» Supplied information:
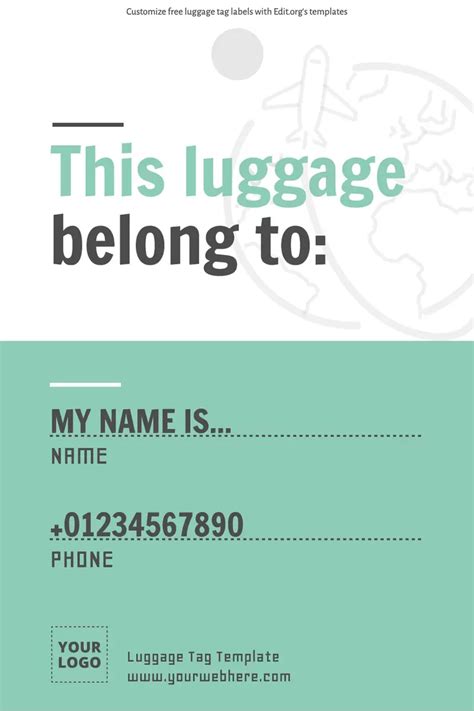 Common Pitfalls: What to AVOID When Using Free Printable Luggage Tags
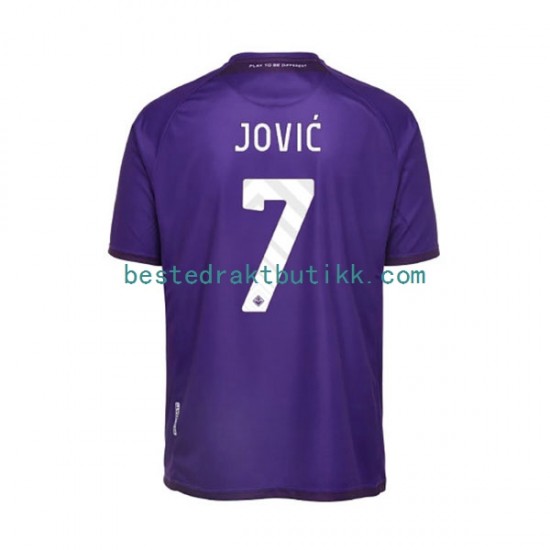 Fotballdrakter Fiorentina Jovic 7 Hjemmedraktsett 2022-2023 Kortermet til Herre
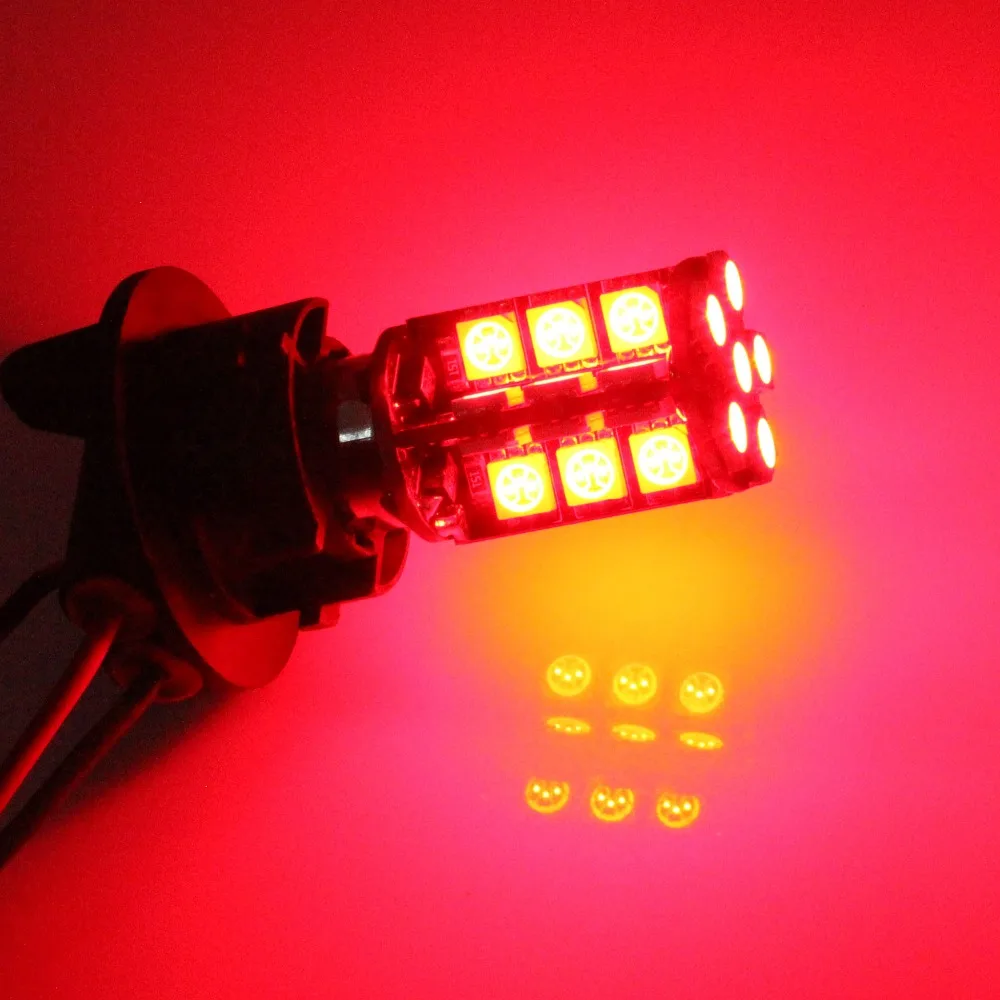 Светодиодная лампа для Hyundai Accent 2 3 4 Atos Murano (Z50) SCOE 2x 30SMD стоп-сигнал задняя/задняя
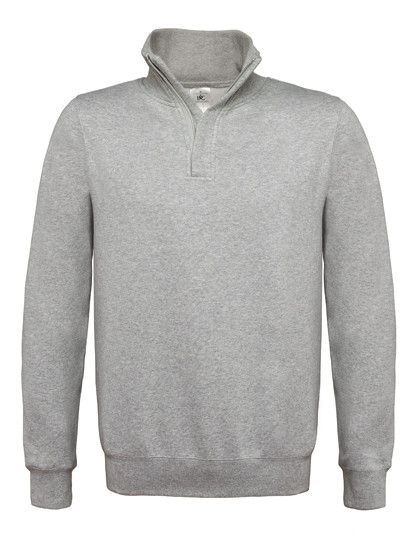 B&C BE INSPIRED Sweat ID.004 Heather Grey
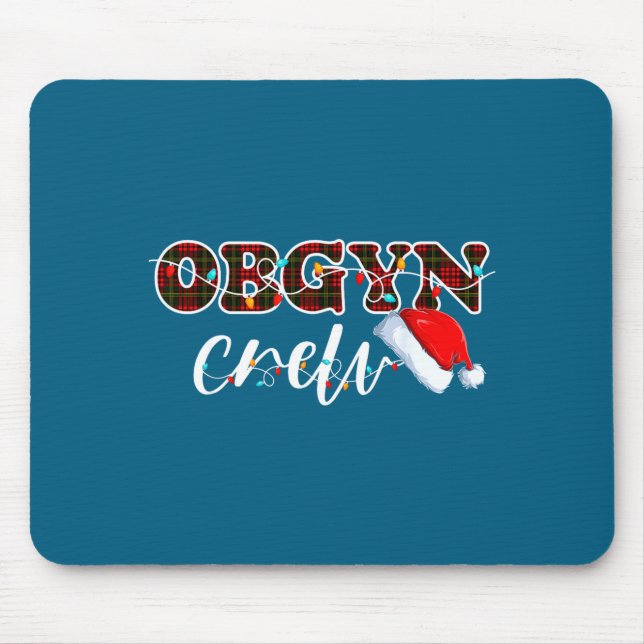 Tapis De Souris Obgyn Crew Christmas Lights Santa Hat  (Devant)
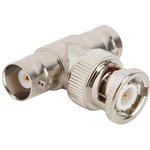 031-208-1051, Conn BNC Adapter F/PL/F 4GHz 50Ohm T Style Gold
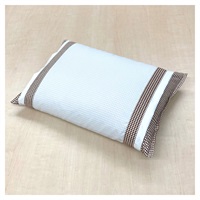 そばがら枕 ギンガム 30×44cm(ブラウン)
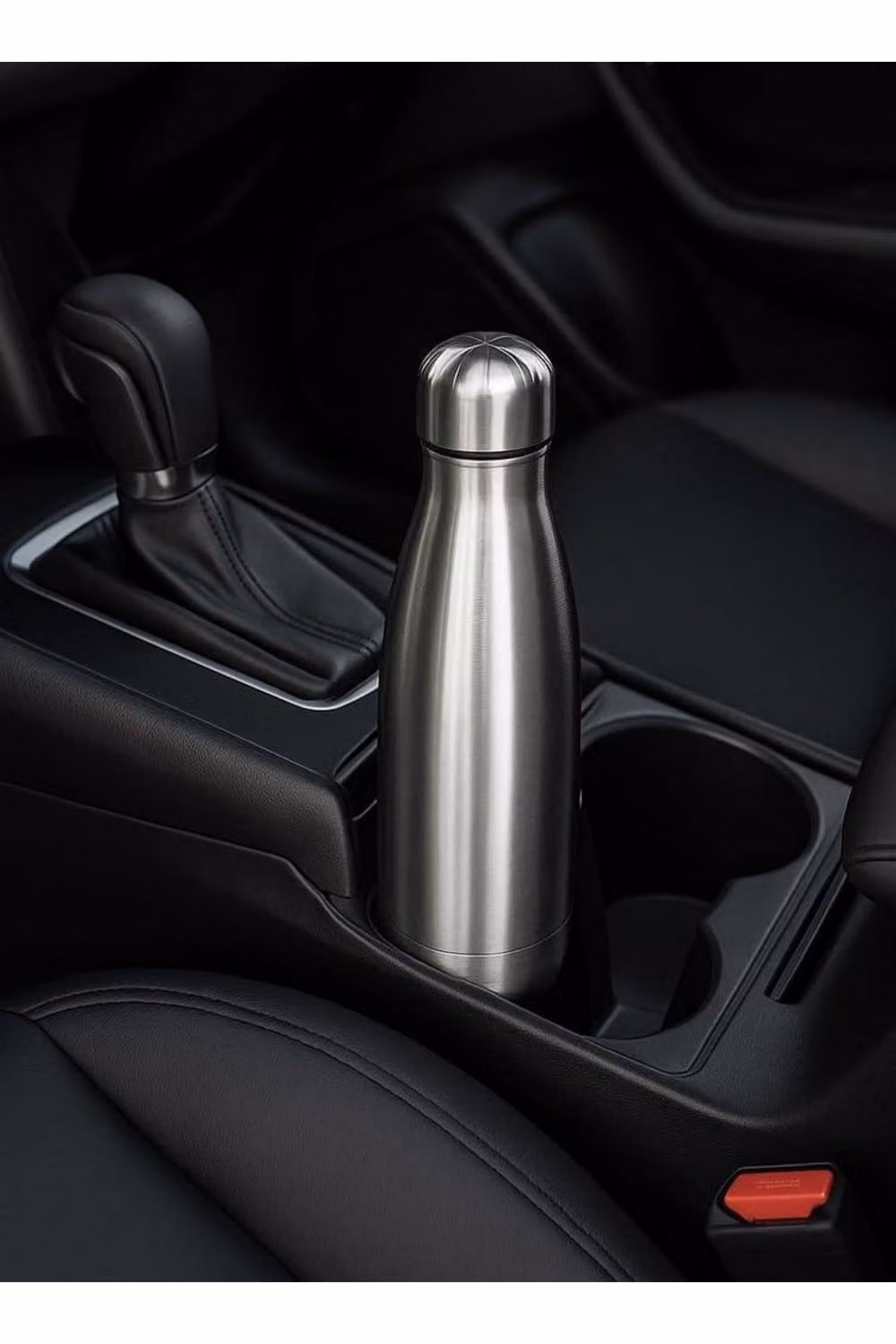 Dyzi Silver Stainless Steel Water Bottle, 500ml, Leak Proof and BPA Free – 2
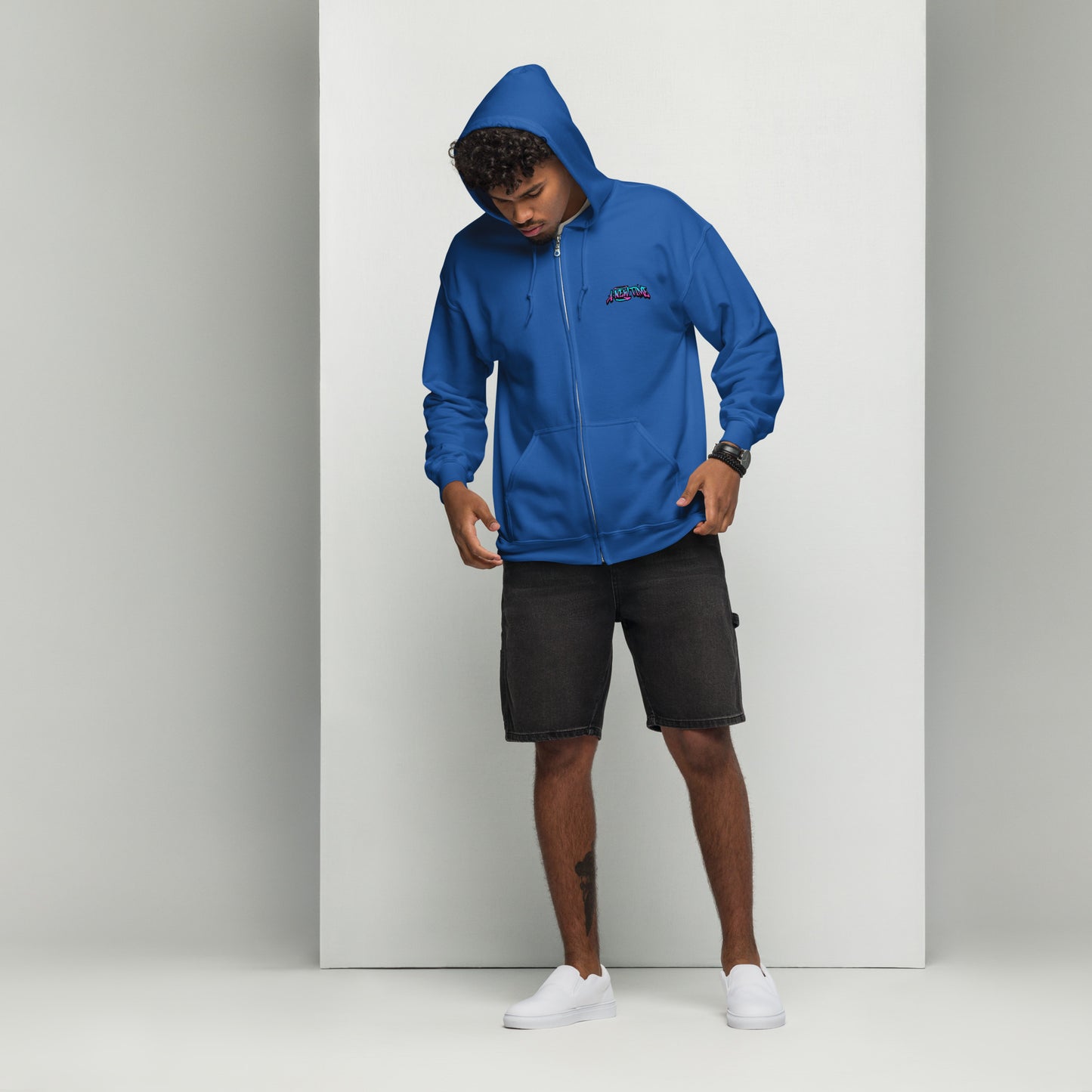 Beware Cat Zip Hoodie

» Instructions to follow: Could you retype the records above exactly, omitting the pictures?

» Task response:
 Common Pitfalls: What to AVOID When Using Free Printable Luggage Tags
 Fotballdrakter Fiorentina Jovic 7 Hjemmedraktsett 2022-2023 Kortermet til Herre
 Светодиодная лампа для Hyundai Accent 2 3 4 Atos Murano (Z50) SCOE 2x 30SMD стоп-сигнал задняя/задняя
 B&C BE INSPIRED Sweat ID.004 Heather Grey
 Tapis De Souris Obgyn Crew Christmas Lights Santa Hat  (Devant)
 031-208-1051, Conn BNC Adapter F/PL/F 4GHz 50Ohm T Style Gold
 そばがら枕 ギンガム 30×44cm(ブラウン)
 Dyzi Silver Stainless Steel Water Bottle, 500ml, Leak Proof and BPA Free – 2
 Beware Cat Zip Hoodie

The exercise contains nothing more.